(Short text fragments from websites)
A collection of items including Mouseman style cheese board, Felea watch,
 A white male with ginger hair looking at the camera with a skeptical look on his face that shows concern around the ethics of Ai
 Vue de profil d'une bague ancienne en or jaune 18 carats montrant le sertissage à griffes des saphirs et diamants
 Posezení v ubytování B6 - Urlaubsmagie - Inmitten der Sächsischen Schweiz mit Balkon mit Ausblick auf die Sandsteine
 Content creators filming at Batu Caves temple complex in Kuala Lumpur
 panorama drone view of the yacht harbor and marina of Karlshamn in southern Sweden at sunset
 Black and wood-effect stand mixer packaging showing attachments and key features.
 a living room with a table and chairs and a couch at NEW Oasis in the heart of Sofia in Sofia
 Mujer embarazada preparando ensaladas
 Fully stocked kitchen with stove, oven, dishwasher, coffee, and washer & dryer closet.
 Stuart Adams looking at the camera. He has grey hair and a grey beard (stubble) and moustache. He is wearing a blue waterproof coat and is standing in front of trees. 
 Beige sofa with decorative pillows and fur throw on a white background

Exercise brief -
Repeat every line of the data word for word until you have repeated the line that contains "Vue de profil", which is the last one to include.

Exercise result -
A collection of items including Mouseman style cheese board, Felea watch,
 A white male with ginger hair looking at the camera with a skeptical look on his face that shows concern around the ethics of Ai
 Vue de profil d'une bague ancienne en or jaune 18 carats montrant le sertissage à griffes des saphirs et diamants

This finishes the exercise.